PROBLEM TO WORK ON: Set down exactly the lines below, starting at the one that contains "Jumpsuit Plissé à Fleurs 3D Vissarion" and ending at the one that contains "CLARINA - Ganzjahres", with both of those lines included and nothing else.

■ ■ ■ ■ ■ ■ ■

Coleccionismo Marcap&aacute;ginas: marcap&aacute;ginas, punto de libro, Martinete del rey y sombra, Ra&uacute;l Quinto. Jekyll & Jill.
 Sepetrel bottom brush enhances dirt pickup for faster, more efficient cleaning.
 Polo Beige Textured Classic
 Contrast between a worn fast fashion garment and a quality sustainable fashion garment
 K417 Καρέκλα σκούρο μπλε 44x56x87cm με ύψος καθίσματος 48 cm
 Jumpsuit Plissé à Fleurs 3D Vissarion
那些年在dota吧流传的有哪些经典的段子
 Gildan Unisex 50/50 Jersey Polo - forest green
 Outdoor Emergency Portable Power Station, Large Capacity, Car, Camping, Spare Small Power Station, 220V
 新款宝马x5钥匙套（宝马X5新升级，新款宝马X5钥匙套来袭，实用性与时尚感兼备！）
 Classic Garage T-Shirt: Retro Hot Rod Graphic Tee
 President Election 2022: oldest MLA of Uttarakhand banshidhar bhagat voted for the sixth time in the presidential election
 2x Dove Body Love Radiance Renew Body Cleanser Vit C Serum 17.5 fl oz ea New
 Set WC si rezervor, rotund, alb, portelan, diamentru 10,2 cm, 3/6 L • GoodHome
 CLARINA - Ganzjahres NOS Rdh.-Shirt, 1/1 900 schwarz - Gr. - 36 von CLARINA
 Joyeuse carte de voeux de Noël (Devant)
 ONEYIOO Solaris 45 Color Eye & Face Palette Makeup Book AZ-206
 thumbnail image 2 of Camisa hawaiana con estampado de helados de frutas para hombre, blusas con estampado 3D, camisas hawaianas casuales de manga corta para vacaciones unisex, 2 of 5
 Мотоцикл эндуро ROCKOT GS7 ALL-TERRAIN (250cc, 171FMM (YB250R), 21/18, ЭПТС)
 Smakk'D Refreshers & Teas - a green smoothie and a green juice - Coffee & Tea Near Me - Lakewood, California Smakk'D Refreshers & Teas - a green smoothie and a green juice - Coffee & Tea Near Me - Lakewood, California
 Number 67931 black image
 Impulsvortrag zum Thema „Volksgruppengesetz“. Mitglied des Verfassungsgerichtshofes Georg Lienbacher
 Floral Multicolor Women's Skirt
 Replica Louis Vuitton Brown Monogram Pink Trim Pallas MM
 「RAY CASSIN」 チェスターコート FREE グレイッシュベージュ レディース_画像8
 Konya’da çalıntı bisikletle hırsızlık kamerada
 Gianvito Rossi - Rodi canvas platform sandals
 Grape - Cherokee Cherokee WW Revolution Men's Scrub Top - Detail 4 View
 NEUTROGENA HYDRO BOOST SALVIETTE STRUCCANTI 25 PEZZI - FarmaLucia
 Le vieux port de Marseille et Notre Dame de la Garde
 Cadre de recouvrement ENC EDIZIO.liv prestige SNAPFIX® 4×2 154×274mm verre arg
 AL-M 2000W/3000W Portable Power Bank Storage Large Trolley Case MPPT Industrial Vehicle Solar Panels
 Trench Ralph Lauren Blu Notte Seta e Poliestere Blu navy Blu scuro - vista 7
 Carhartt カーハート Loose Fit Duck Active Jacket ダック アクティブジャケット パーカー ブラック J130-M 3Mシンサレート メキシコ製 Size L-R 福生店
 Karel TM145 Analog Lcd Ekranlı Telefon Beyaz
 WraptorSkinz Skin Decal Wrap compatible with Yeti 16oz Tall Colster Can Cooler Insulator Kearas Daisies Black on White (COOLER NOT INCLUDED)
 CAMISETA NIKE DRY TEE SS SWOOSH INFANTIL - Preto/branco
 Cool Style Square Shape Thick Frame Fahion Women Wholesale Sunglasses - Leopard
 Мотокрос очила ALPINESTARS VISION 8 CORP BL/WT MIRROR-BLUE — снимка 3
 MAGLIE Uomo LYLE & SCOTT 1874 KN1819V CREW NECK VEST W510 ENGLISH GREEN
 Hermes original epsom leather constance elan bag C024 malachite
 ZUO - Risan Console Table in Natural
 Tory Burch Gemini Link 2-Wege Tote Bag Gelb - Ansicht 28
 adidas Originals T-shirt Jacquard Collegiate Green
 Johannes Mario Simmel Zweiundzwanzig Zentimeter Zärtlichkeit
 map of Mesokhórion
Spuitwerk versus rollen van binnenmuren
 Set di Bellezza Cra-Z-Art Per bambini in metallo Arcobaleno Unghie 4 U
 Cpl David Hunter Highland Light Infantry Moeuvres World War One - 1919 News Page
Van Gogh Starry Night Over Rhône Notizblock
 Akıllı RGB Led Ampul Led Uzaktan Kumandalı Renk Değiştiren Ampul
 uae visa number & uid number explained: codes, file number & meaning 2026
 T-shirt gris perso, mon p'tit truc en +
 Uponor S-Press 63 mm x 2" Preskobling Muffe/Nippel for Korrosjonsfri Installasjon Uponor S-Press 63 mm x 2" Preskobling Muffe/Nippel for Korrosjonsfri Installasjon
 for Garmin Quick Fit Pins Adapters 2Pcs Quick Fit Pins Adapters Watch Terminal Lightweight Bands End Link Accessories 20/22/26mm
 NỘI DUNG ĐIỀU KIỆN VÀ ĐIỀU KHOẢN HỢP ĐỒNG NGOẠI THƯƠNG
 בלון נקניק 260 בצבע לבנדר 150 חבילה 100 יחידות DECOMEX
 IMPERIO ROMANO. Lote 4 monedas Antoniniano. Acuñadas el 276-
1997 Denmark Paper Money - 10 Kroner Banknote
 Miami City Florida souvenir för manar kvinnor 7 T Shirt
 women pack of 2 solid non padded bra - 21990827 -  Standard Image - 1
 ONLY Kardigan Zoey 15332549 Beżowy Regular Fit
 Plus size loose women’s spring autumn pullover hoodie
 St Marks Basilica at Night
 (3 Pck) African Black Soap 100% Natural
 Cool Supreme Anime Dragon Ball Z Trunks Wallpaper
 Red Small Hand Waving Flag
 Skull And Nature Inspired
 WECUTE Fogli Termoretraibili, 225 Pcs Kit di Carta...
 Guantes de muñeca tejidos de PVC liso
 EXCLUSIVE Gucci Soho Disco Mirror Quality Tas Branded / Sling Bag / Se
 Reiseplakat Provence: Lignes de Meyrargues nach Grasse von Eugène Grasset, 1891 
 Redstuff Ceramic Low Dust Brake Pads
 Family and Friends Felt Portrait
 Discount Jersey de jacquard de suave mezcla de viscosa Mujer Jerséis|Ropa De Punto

■ ■ ■ ■ ■ ■ ■

FINISHED EXERCISE:
 Jumpsuit Plissé à Fleurs 3D Vissarion
那些年在dota吧流传的有哪些经典的段子
 Gildan Unisex 50/50 Jersey Polo - forest green
 Outdoor Emergency Portable Power Station, Large Capacity, Car, Camping, Spare Small Power Station, 220V
 新款宝马x5钥匙套（宝马X5新升级，新款宝马X5钥匙套来袭，实用性与时尚感兼备！）
 Classic Garage T-Shirt: Retro Hot Rod Graphic Tee
 President Election 2022: oldest MLA of Uttarakhand banshidhar bhagat voted for the sixth time in the presidential election
 2x Dove Body Love Radiance Renew Body Cleanser Vit C Serum 17.5 fl oz ea New
 Set WC si rezervor, rotund, alb, portelan, diamentru 10,2 cm, 3/6 L • GoodHome
 CLARINA - Ganzjahres NOS Rdh.-Shirt, 1/1 900 schwarz - Gr. - 36 von CLARINA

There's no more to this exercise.